Dataset section
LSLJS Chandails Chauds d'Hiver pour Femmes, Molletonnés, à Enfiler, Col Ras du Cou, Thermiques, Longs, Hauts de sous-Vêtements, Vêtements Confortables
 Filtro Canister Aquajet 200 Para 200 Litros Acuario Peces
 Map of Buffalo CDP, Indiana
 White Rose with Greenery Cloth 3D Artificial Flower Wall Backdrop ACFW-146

Try it
Retyping every line above exactly is all that is needed.

Response to this exercise
LSLJS Chandails Chauds d'Hiver pour Femmes, Molletonnés, à Enfiler, Col Ras du Cou, Thermiques, Longs, Hauts de sous-Vêtements, Vêtements Confortables
 Filtro Canister Aquajet 200 Para 200 Litros Acuario Peces
 Map of Buffalo CDP, Indiana
 White Rose with Greenery Cloth 3D Artificial Flower Wall Backdrop ACFW-146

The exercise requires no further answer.